Big Data analytics are a set of concepts and characteristics of processing, storing and analyzing data for when traditional data processing software would not be able to handle the amount of records which are too expensive, too slow, complicated or not suited for the use case.
Hence, the concepts and characteristics of Big Data analytics commonly means ways of processing, storing and analyzing large volume data with additional means to traditional (SQL) databases.
There are many more fine grained definitions of Big Data out there. Some describe it by the characteristics of the Big Data and others define it by tooling and concepts of Big Data.
Therefore, this article answers the following questions about the concepts and characteristics of Big Data analytics:
- What are the main concepts of Big Data?
- Which are typical characteristics of Big Data solutions?
The 4V characteristics of Big Data Analytics
Big Data projects are conceptually very challenging for enterprises and fail often. Often Big Data are defined by 4Vs, or even more Vs, which are refered to as the Big Data challenges or at other times as Big Data characteristics. The regularly mentioned Big Data four Vs are:
Big Data Volume
Characteristic is the immense Volume of data which is larger than the data that is processed in a normal enterprise system, which leads to newly designed systems. Reason for the immense amount of data are different developments.
One reason for the Big Data amount is that, the data of different IT systems are merged with what multiplies the amount of data. Alternatively, thrid party data might be procured or extracted by a crawler with the goal to merge it with own systems.
Veracity and truthfulness of data
The ingestion and the processing data of different systems leads to Veracity challenges about the accuracy of data and is another key characteristic of Big Data. Imagine there are different records showing the same data and they differ in the date timestamp. Which record is the truthful one?
Alternatively, data might be incomplete and one does not know that the records are incomplete and there was a system error. Hence, Big Data Systems need concepts, tools and methods to overcome the veracity challenge.
Variety of data types and data sources
In addition to the different source systems, Data which were not logged and overriden before can be stored in Big Data scenarios. Such data are like change histories, record updates and the likes which can enable new use cases like Time Series Analytics which are not possible on old overriden data.
There are new data sources which produce immense amounts of data. Most simplistic versions of these are social media data or data from smartphone apps which produces new insights of customer interactions.
Characteristic in call cases is that the Varity in these data is very different from another, It is from unstructured social media text data to structured operative enterprise system data. The variety can go over Time Series commit logs, computable financial time series data, and end up in app usage- and semi-structured customer interaction data.
Big Data landscapes and systems face the challange to handle this different data and to enable users to merge it together, where it makes sense.
Velocity challenges Big Data processing concepts in
Aside all of the prior mentioned data sources, IoT data is countinously increasing and future business models of enterprises are depening on IoT data.
IoT data and new data sources like social media, consumer apps, Time Series Data and increasing data in the supply chain are generating a increasing speed in data generation.
Data generation cannot be solely seen as static records in a database anymore and a new viewpoint of data as continous stream is necessary.
This leads to new questions of data storage, but also in computation and reaction to events in the data streams.

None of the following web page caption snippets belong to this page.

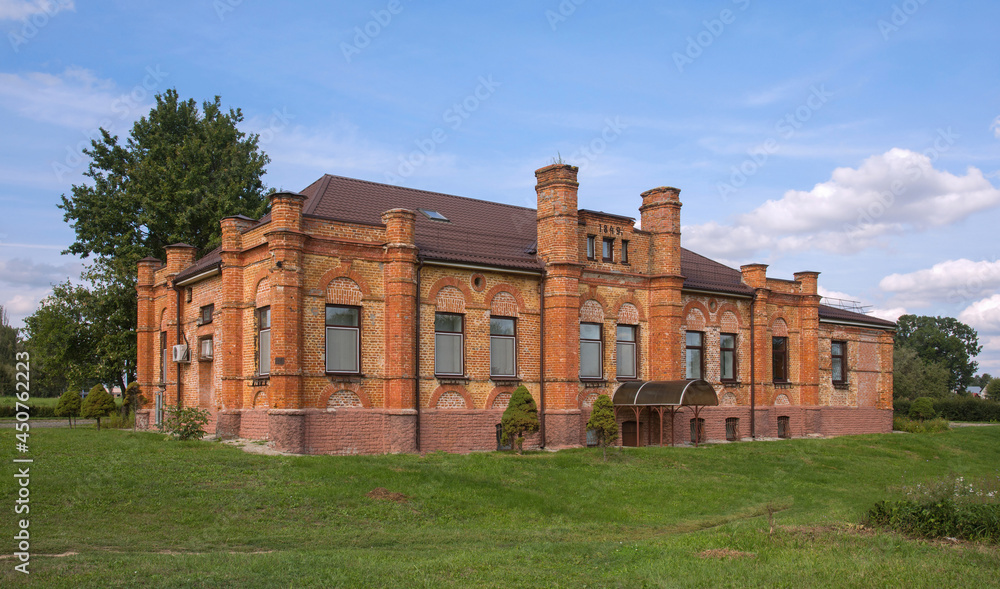 The Boguslavsky estate in Gomel. Belarus. Winery building. Olympic Committee in the Gomel region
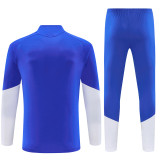 26/27JUV Blue Kids Half Pull Tracksuit (童装半拉链)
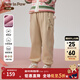 PawinPaw卡通小熊童裝25年秋冬新款女寶寶甜美花苞褲寬松休閑褲 Beige米色/35 110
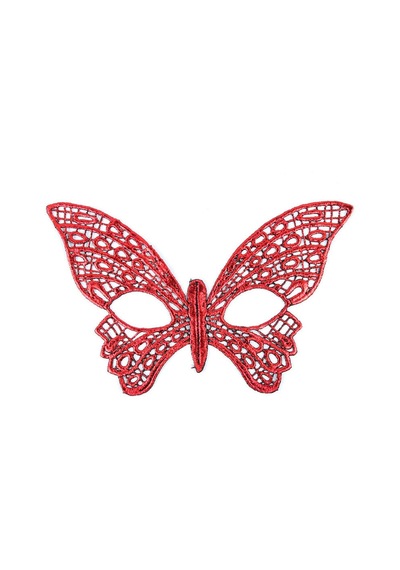 Kırmızı Dantel Masquerade Maskesi 7 No +0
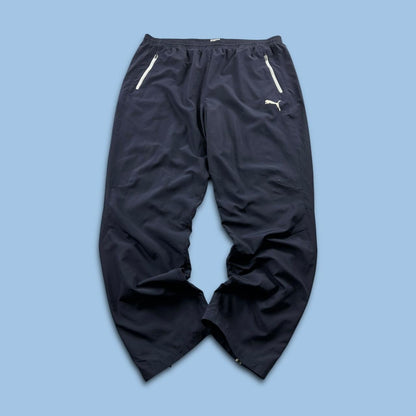 VINTAGE Y2K PUMA BAGGY TRACKSUIT BOTTOMS NAVY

Batch processing that is sufficient for a large volume of data does not copy anymore with an increasing Velocity. Therefore, modern Big Data Analytics Landscapes need to be able to store fast data quickly, but to also execute computations and movements of data in an efficent way.

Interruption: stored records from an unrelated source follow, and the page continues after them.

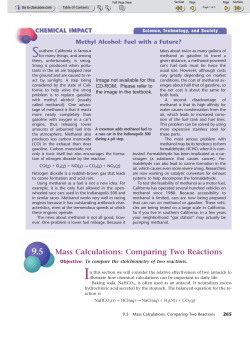 Methyl Alcohol: Fuel with a Future?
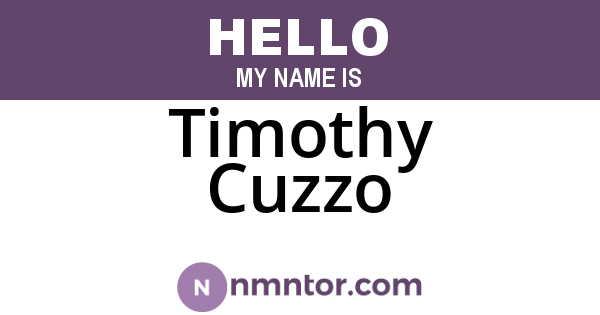 Timothy Cuzzo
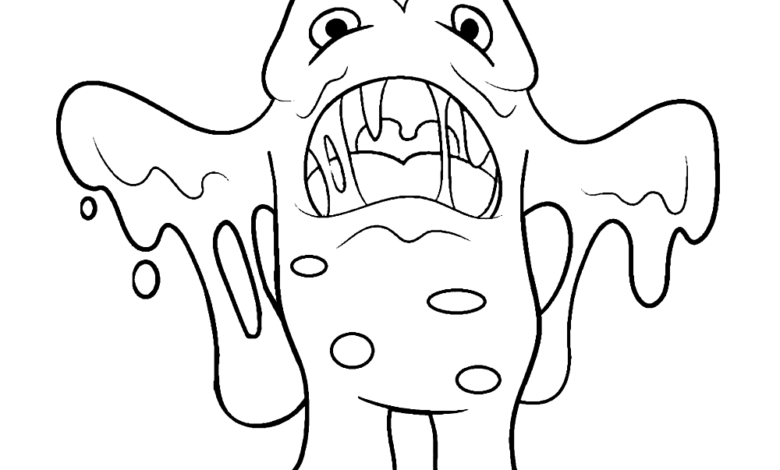 Mud Monster Coloring Page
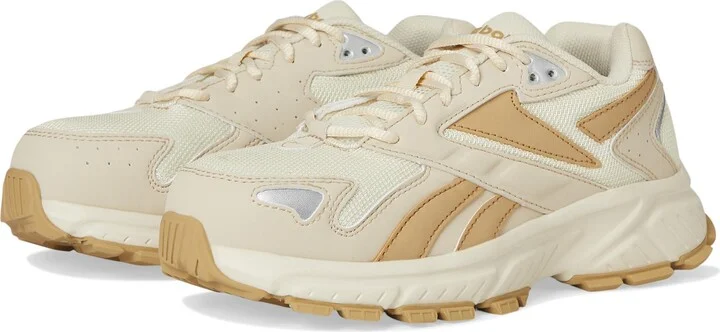 Reebok Work Hyperium Work - Sneakers for Women - Breathable Mesh Upper - Nylon Lining - Removable Insole Tan/Gold 11.5 B - Medium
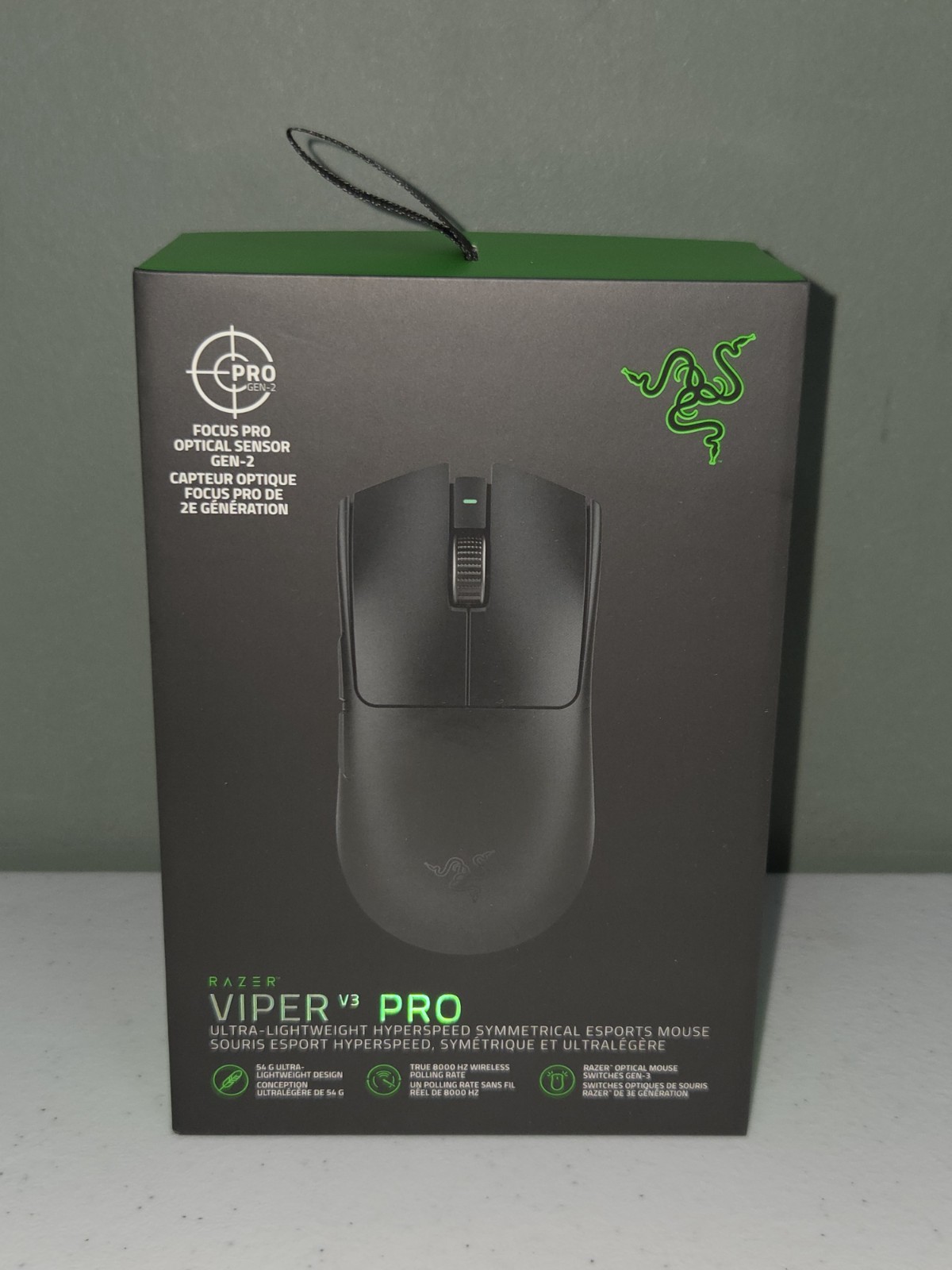 New & Sealed Razer Viper V3 Pro Ultra-Lightweight Wireless Gaming Mouse - NIB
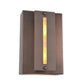 Meyda Lighting Moss Creek 8" Cinnamon Coffee Metallic Creekside Wall Sconce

What are Big Data concepts?
There are also very often concepts of Big Data Analytics software, landscapes and tool combinations, addressing scalability, functionality, differing from monolithic software.
Big Data Clusters
A typical concept of Big Data software is designed to run in clusters with different nodes. Clusters of different Big Data processing or storage tools are desinged to be failure tolerant and offer scale-out capabilities to gain performance or storage almost in linear when adding new nodes.
Clear CAP focus
Science dictates that when a system is constructed, we can only focus on two of the following attributes:
1. Consistency:
Wikipedia /
Every read receives the most recent write or an error
2. Availability:
Every request receives a (non-error) response, without the guarantee that it contains the most recent write
3. Partition tolerance:
The system continues to operate despite an arbitrary number of messages being dropped (or delayed) by the network between nodes
Armando Fox and Eric Brewer, “Harvest, Yield and Scalable Tolerant Systems”, Proc. 7th Workshop Hot Topics in Operating Systems (HotOS 99), IEEE CS, 1999, pg. 174–178.
Big Data tools are normally aware of this choice and predecide in tool architecture for partitioning and evantual consistency or let the user decide between consistency and availability.
For instance in Kafka, a partitioned message broker. Kafka installations can decide via configuration if they take availability or consistency as second concern. Depending on the use case decistions can be made between the tradeoffs between eventual consistency and availability.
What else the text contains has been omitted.